Task objective: Below are records with pictures. Transcribe exactly, and only, the lines from the line with "Fat Bear Week" to the line with "Donald Trump praises", both ends included, but not the pictures.

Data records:
........
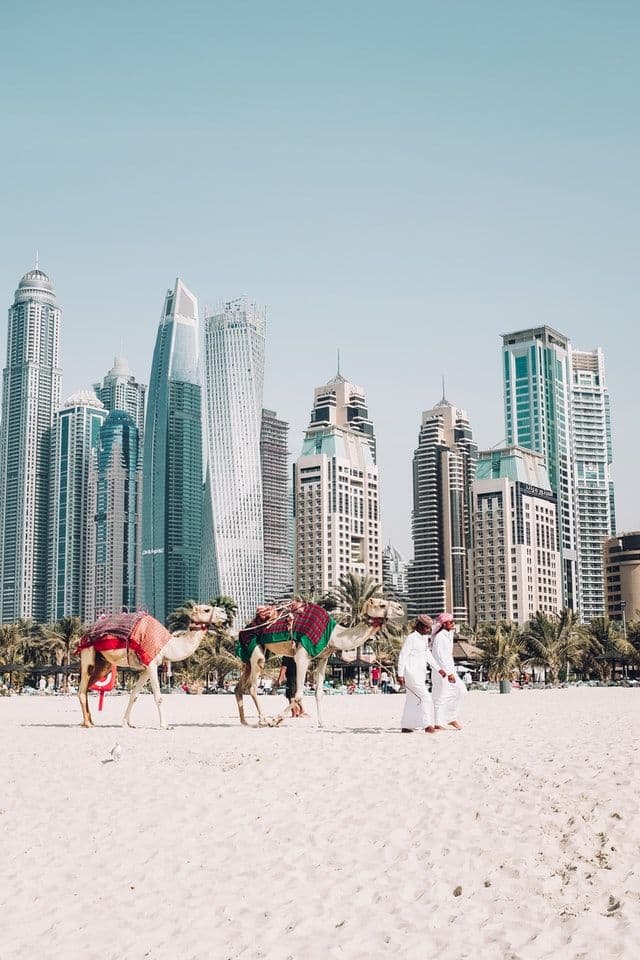 work remotely from dubai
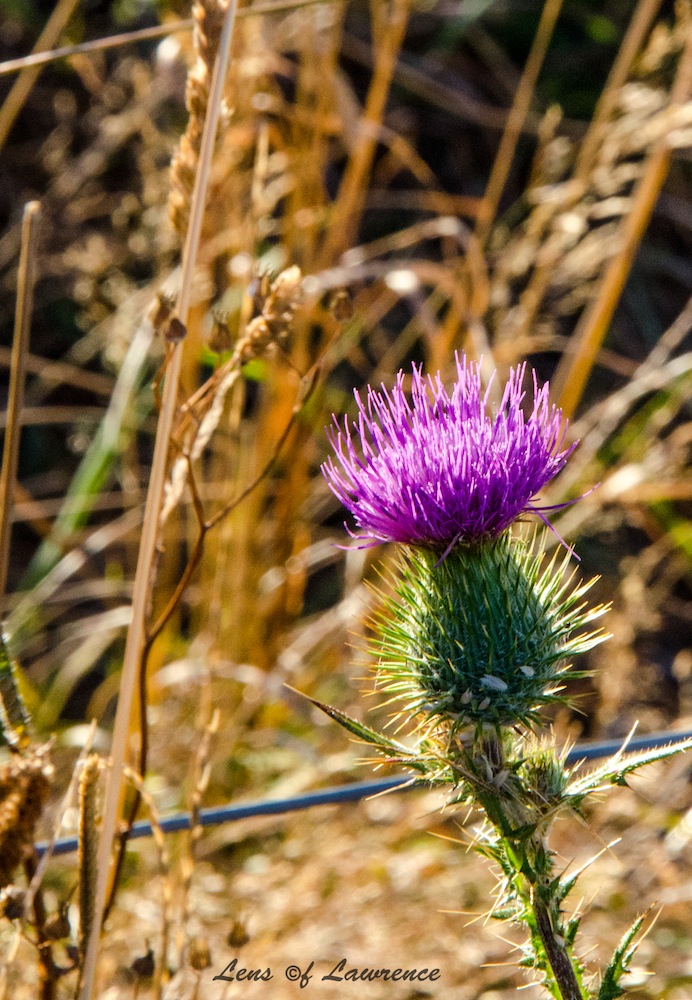 Thistle LOL.jpg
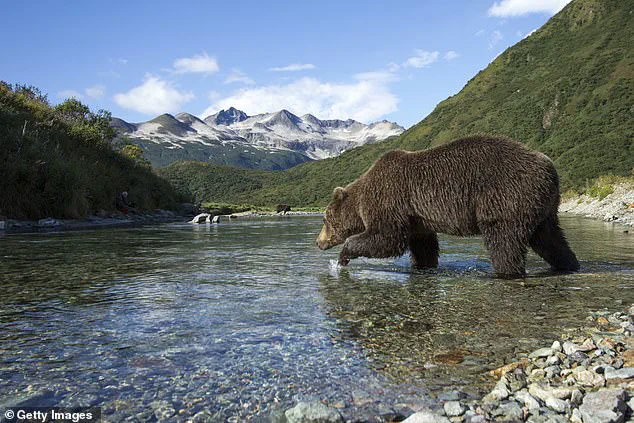 Fat Bear Week in Alaska's Katmai National Park: A Survival Competition for Dominance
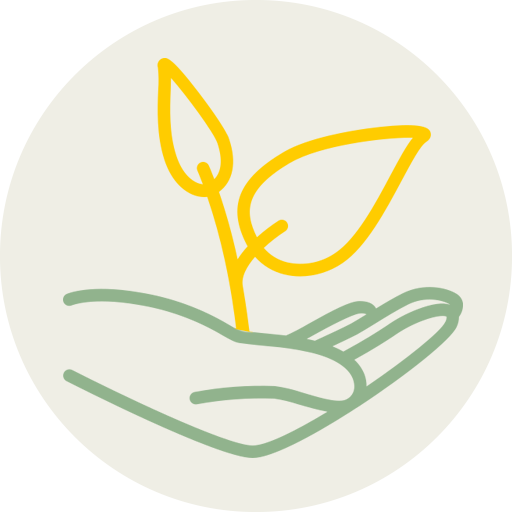 Прозрачный процесс лечения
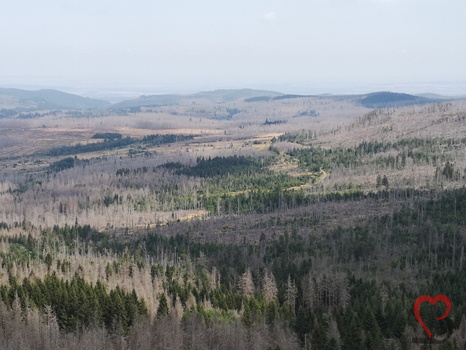 Torfhaus Landschaft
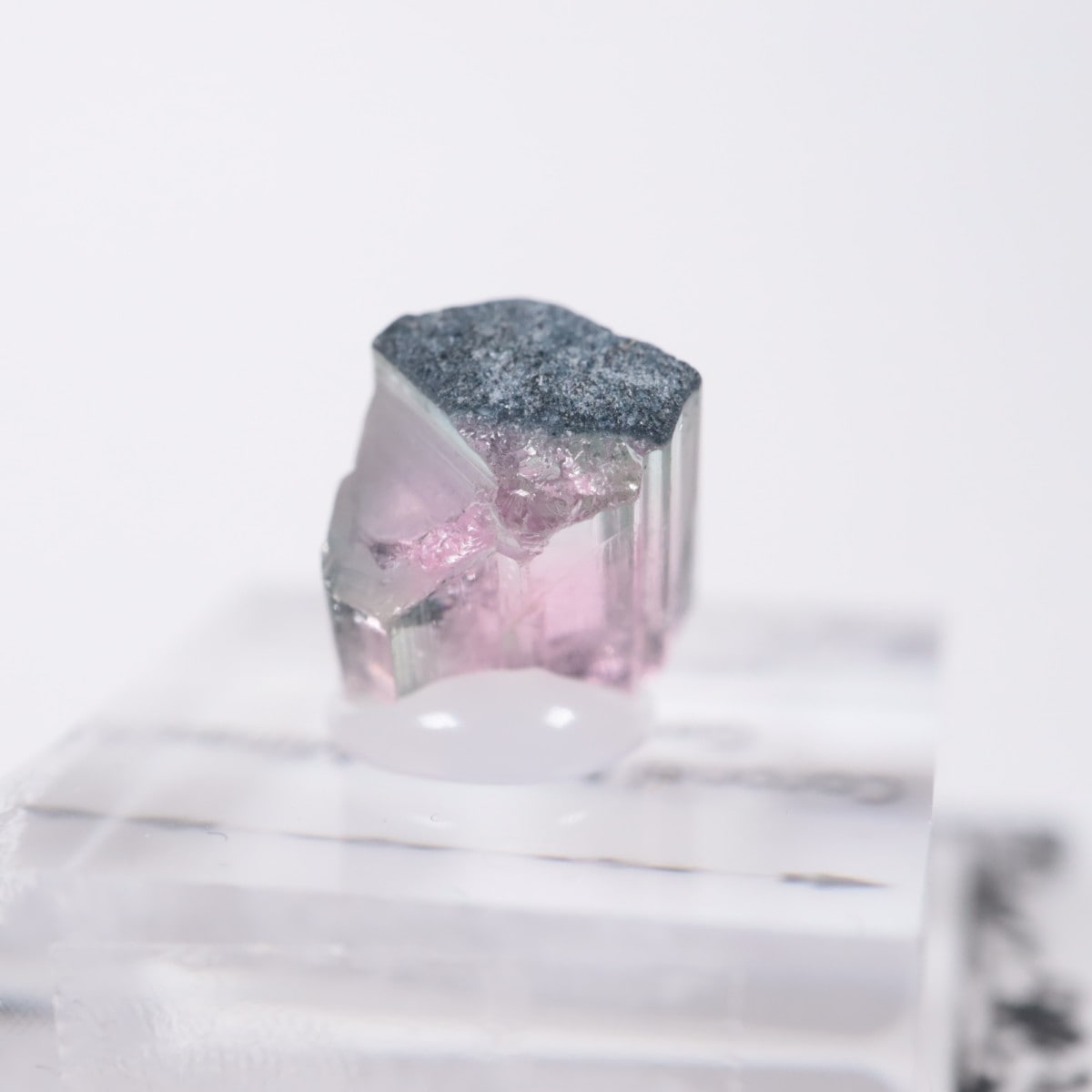 Coronel Murta�� �ȥ�ޥ��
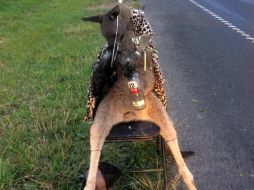 La especia estaba cubierta por una tela con estampado de leopardo y con una botella de alcohol entre las patas. AFP /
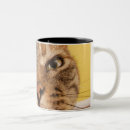 Search for sitting cat mugs Looking at camera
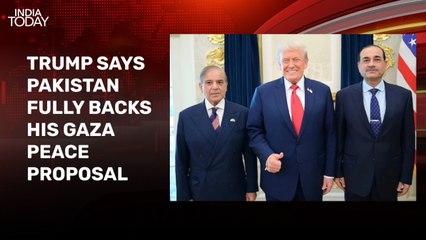 Donald Trump praises Pakistan's Sharif, Munir for backing Gaza peace proposal
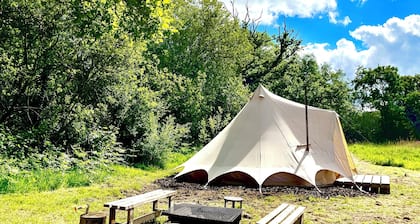 Little bridge Camp.
Secluded camping in 13 acres of magical meadow and woodland.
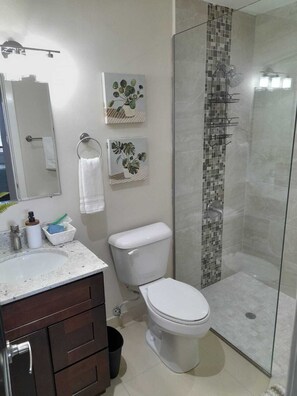 Regadera, amenidades de baño ecológicas, secadora de cabello, toallas 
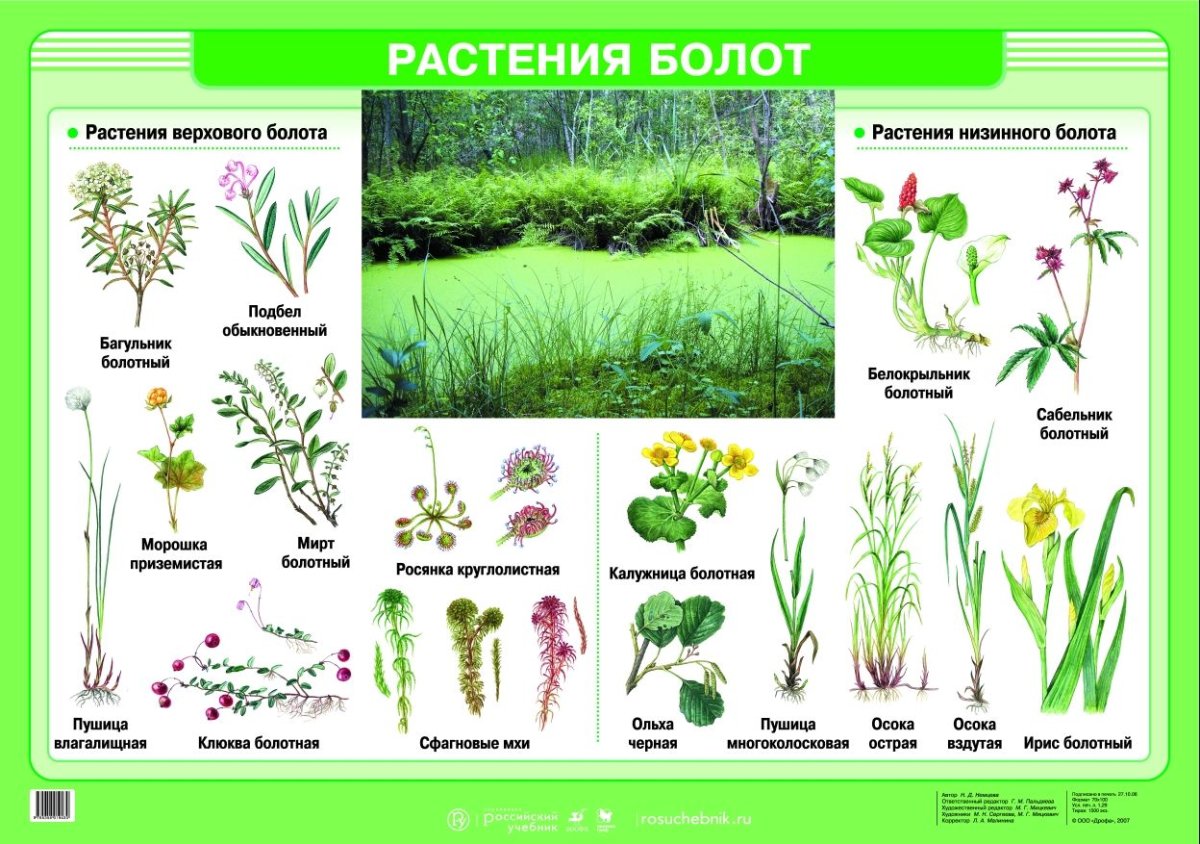 Растения растущие на болотах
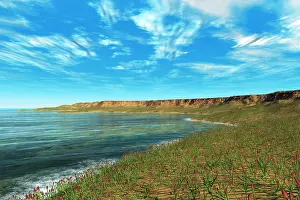 Estuary: Thousands of individual Aglaophyton populate an Early ?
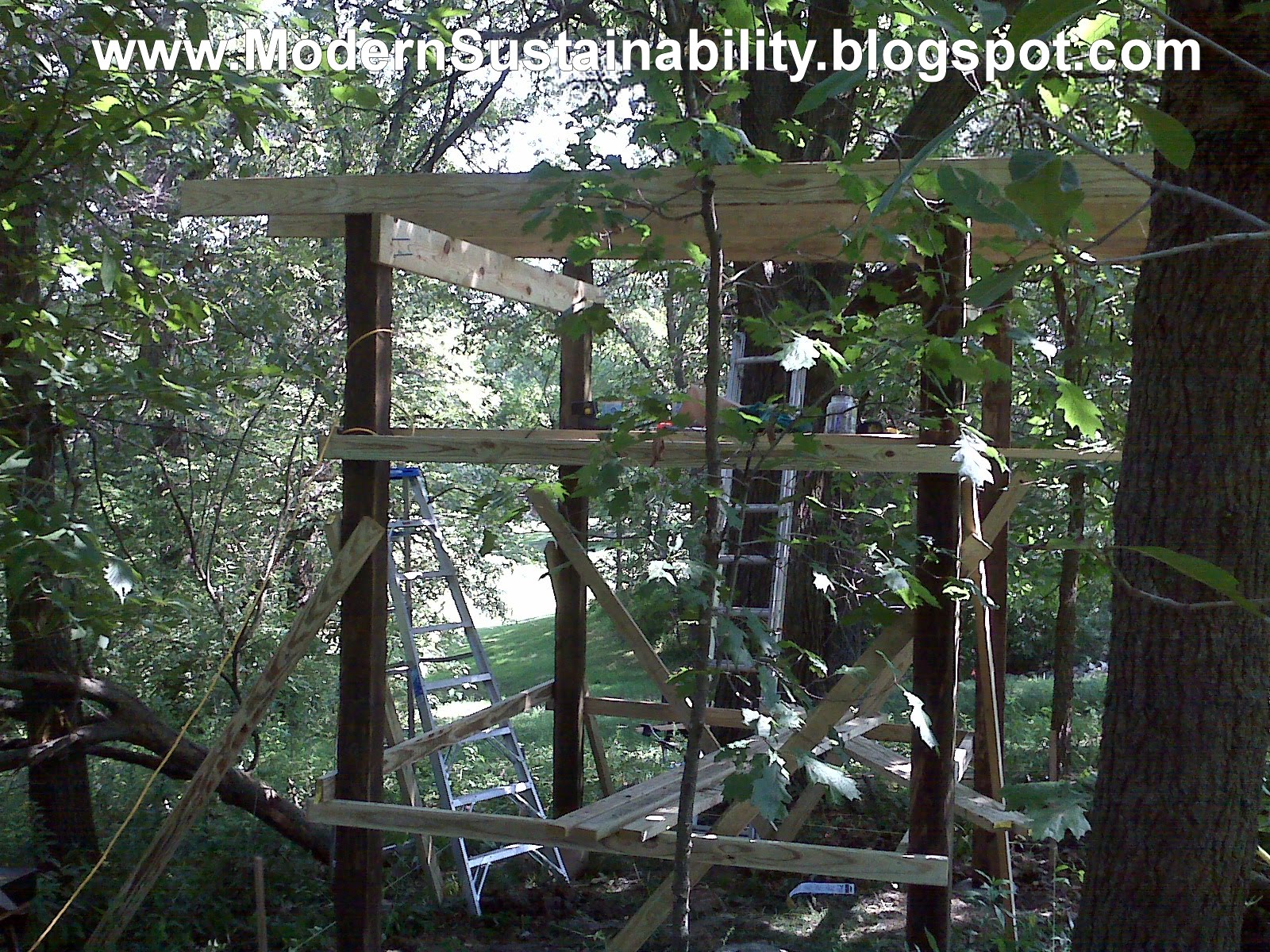Modern Sustainability...oldfashioned methods How to build a tree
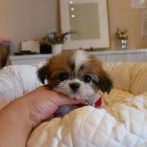 Mix(チワワ×シーズー)070925ゴールド&ホワイトの女の子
........
Result below:
 Fat Bear Week in Alaska's Katmai National Park: A Survival Competition for Dominance
 Прозрачный процесс лечения
 Torfhaus Landschaft
 Coronel Murta�� �ȥ�ޥ��
 La especia estaba cubierta por una tela con estampado de leopardo y con una botella de alcohol entre las patas. AFP /
 Search for sitting cat mugs Looking at camera
 Donald Trump praises Pakistan's Sharif, Munir for backing Gaza peace proposal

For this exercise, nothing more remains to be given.